#### [EXERCISE OBJECTIVE]
What you return must match the records below character for character, except that no picture appears.

#### [STUDY MATERIAL]
Start of Block

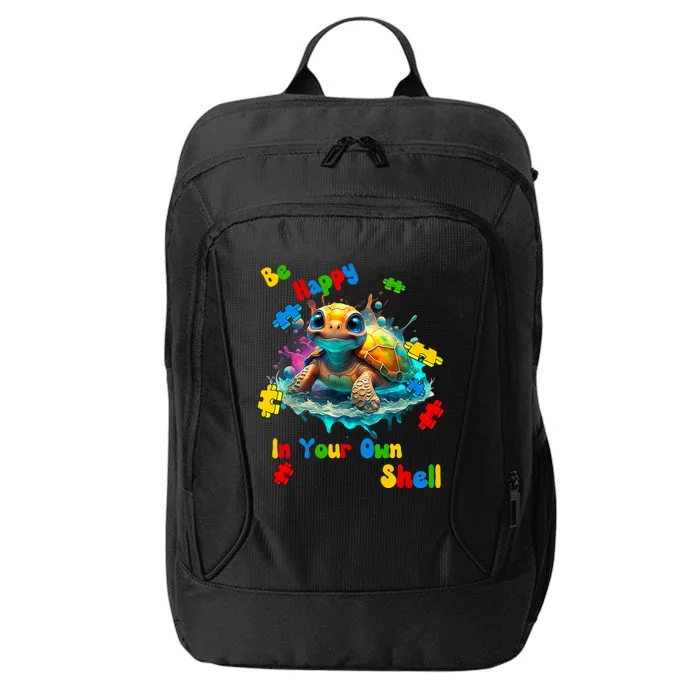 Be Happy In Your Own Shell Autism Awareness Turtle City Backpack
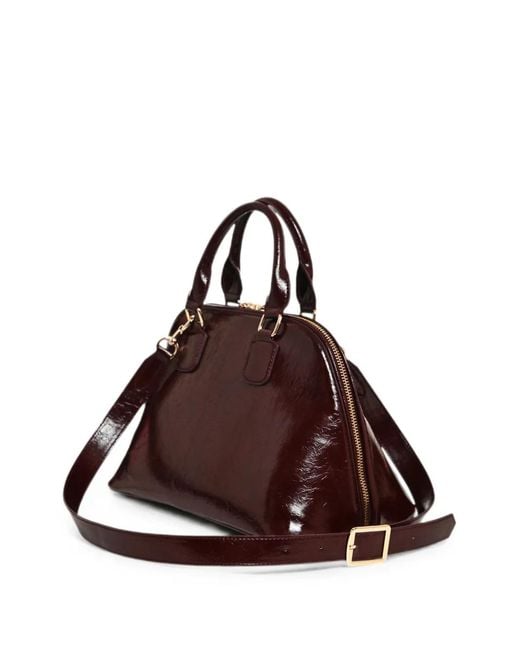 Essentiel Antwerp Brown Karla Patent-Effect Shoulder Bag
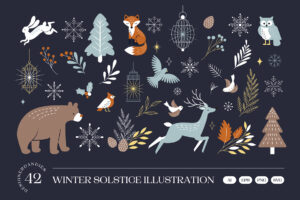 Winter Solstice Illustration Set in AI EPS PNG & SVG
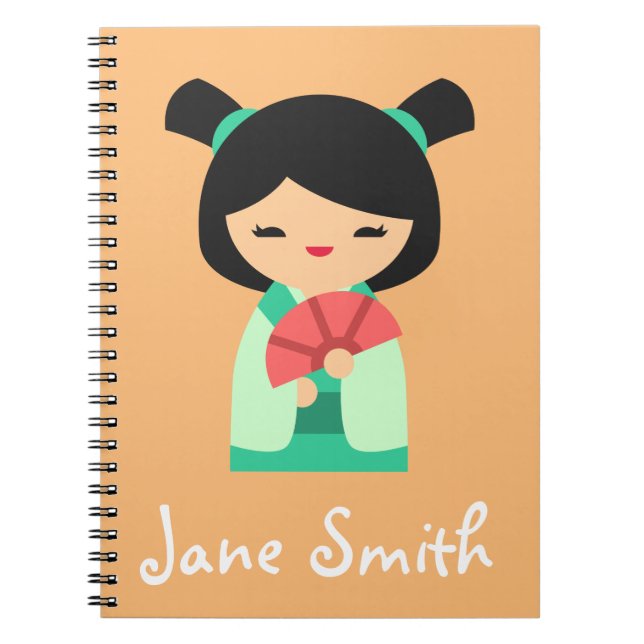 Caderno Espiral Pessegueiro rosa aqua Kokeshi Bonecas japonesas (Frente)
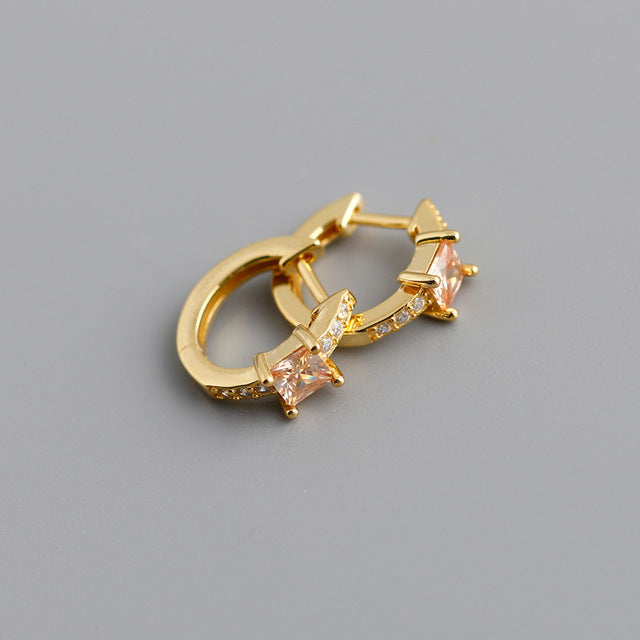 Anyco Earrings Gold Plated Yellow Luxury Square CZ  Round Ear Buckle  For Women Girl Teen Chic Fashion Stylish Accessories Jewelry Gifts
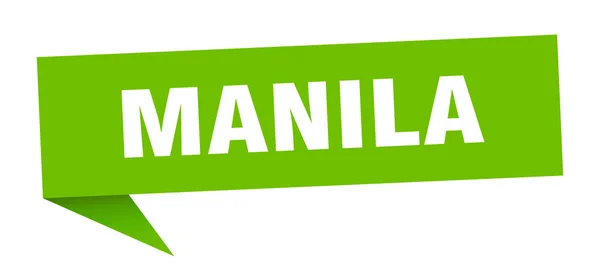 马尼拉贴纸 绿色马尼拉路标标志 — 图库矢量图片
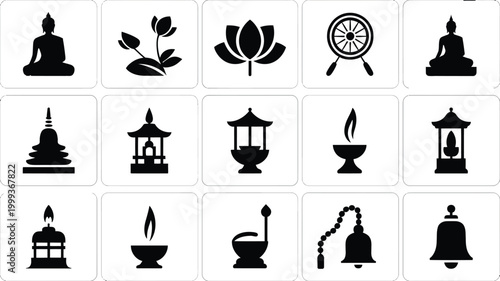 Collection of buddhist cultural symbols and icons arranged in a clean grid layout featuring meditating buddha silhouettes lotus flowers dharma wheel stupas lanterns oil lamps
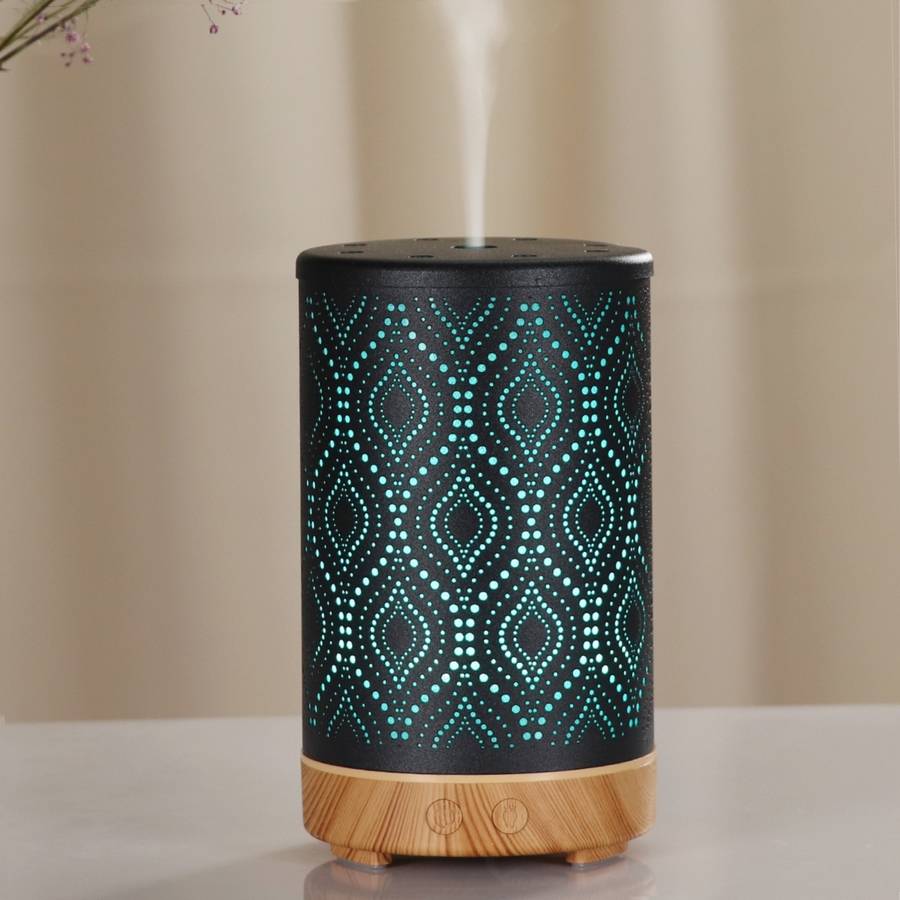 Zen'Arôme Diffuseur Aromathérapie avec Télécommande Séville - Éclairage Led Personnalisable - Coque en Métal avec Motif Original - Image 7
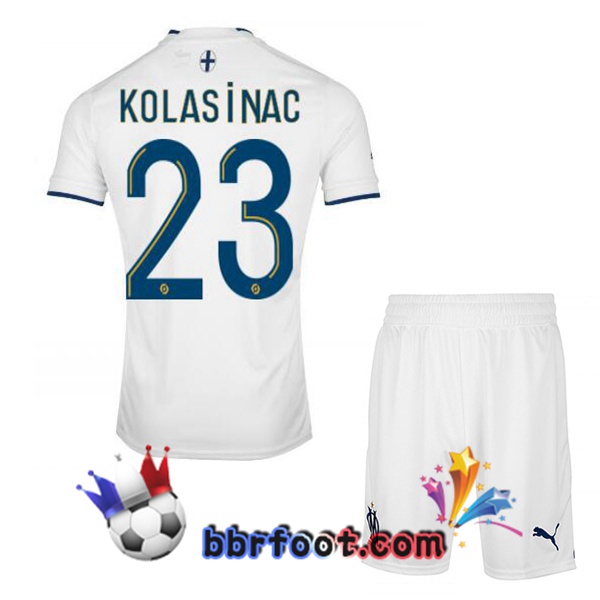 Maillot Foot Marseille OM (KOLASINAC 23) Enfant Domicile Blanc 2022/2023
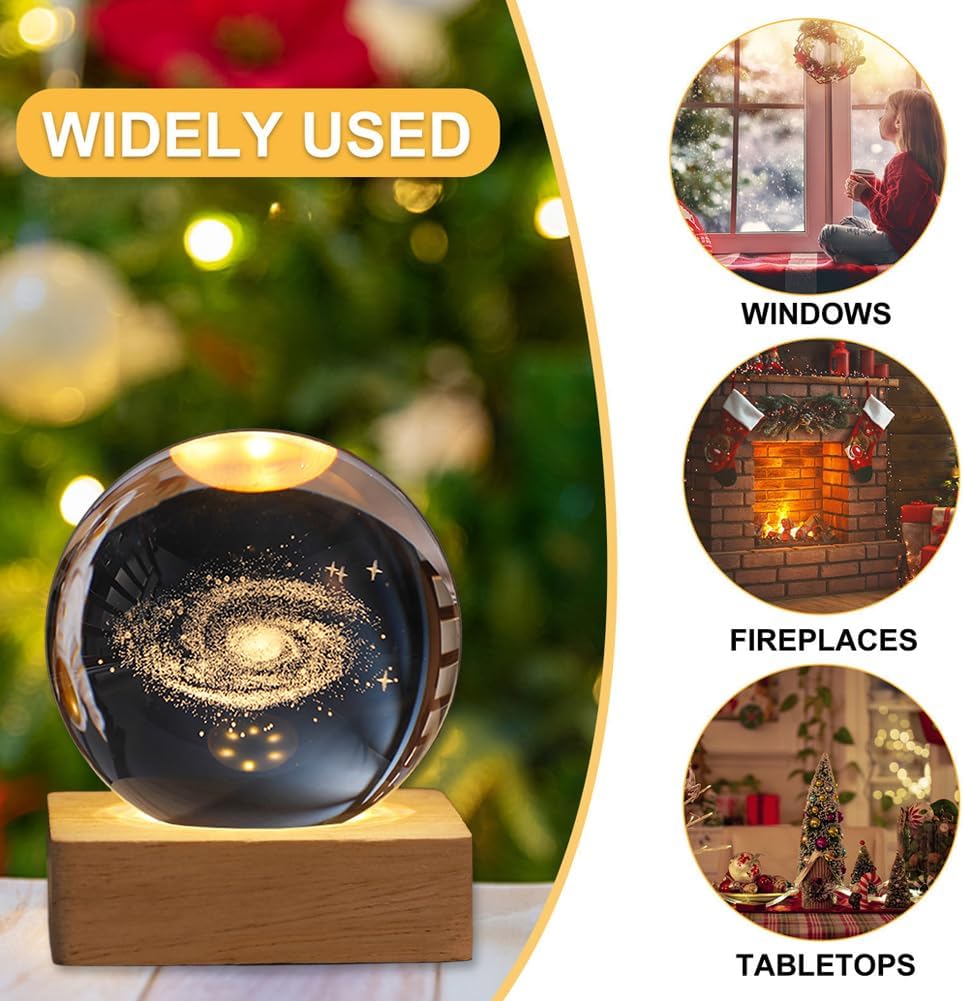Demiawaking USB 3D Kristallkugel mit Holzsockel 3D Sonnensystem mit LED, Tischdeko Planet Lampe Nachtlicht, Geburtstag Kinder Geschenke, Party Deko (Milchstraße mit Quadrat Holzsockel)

End of Block

#### [SOLUTION TO THIS EXERCISE]
 Be Happy In Your Own Shell Autism Awareness Turtle City Backpack
 Essentiel Antwerp Brown Karla Patent-Effect Shoulder Bag
 Winter Solstice Illustration Set in AI EPS PNG & SVG
 Caderno Espiral Pessegueiro rosa aqua Kokeshi Bonecas japonesas (Frente)
 Anyco Earrings Gold Plated Yellow Luxury Square CZ  Round Ear Buckle  For Women Girl Teen Chic Fashion Stylish Accessories Jewelry Gifts
 马尼拉贴纸 绿色马尼拉路标标志 — 图库矢量图片
 Collection of buddhist cultural symbols and icons arranged in a clean grid layout featuring meditating buddha silhouettes lotus flowers dharma wheel stupas lanterns oil lamps
 Zen'Arôme Diffuseur Aromathérapie avec Télécommande Séville - Éclairage Led Personnalisable - Coque en Métal avec Motif Original - Image 7
 Maillot Foot Marseille OM (KOLASINAC 23) Enfant Domicile Blanc 2022/2023
Demiawaking USB 3D Kristallkugel mit Holzsockel 3D Sonnensystem mit LED, Tischdeko Planet Lampe Nachtlicht, Geburtstag Kinder Geschenke, Party Deko (Milchstraße mit Quadrat Holzsockel)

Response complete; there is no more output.